I'm running legacy applications in which I do not have access to the source code. These components talk to each other using plaintext on a particular port. I would like to be able to secure the communications between the two or more nodes using something like stunnel to facilitate peer-to-peer communication rather than using a more traditional (and centralized) VPN package like OpenVPN, etc.

Ideally, the traffic flow would go like this:

1. app@hostA:1234 tries to open a TCP connection to app@hostB:1234.
2. iptables captures and redirects the traffic on port 1234 to stunnel running on hostA at port 5678.
3. stunnel@hostA negotiates and establishes a connection with stunnel@hostB:4567.
4. stunnel@hostB forwards any decrypted traffic to app@hostB:1234.
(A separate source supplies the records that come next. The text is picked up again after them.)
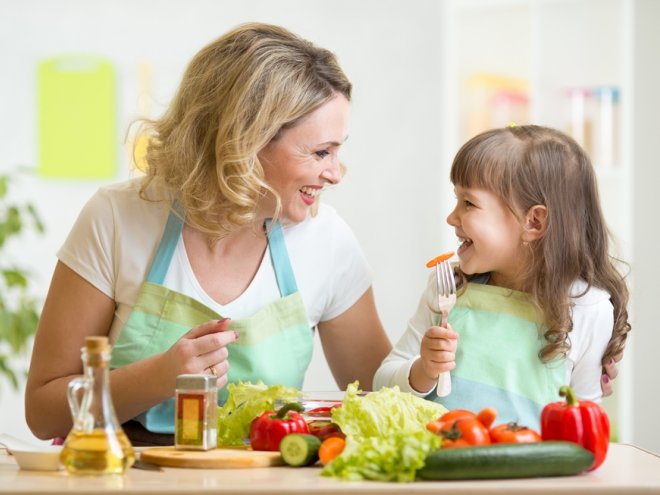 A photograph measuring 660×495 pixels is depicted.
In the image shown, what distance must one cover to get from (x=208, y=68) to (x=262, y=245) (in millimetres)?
420

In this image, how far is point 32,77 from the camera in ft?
15.9

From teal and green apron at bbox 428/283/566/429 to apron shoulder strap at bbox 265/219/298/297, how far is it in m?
0.38

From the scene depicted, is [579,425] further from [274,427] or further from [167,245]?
[167,245]

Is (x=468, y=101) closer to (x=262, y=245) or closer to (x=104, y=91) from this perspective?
(x=104, y=91)

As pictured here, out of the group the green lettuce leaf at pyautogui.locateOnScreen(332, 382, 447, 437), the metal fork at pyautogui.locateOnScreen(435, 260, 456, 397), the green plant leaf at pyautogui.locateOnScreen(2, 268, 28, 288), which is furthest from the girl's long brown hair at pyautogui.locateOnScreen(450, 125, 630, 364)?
the green plant leaf at pyautogui.locateOnScreen(2, 268, 28, 288)

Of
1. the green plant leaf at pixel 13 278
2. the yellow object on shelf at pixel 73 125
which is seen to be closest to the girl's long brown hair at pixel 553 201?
the green plant leaf at pixel 13 278

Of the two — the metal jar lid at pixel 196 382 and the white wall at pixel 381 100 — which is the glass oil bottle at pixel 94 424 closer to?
the metal jar lid at pixel 196 382

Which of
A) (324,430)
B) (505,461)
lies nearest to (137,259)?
(324,430)

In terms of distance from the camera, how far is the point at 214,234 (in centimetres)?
219

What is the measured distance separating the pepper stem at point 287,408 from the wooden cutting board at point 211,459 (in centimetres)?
9

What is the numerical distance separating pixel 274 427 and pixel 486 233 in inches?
27.5

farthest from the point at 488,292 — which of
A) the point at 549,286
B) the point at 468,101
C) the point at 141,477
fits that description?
the point at 468,101

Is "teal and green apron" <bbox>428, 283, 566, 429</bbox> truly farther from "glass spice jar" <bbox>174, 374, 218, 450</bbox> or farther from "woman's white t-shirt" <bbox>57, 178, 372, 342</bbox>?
"glass spice jar" <bbox>174, 374, 218, 450</bbox>

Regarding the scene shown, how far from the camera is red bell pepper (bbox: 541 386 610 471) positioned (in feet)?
4.93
In essence, I'm trying to set this up to where any outbound traffic (generated on the local machine) to port N forwards through stunnel to port N+1, and the receiving side receives on port N+1, decrypts, and forwards to the local application at port N.

I'm not particularly concerned about losing the hostA origin IP address/machine identity when stunnel@hostB forwards to app@hostB because the communications payload contains identifying information.

The other trick in this is that normally with stunnel you have a client/server architecture. But this application is much more P2P because nodes can come and go dynamically and hard-coding some kind of "connection = hostN:port" in the stunnel configuration won't work.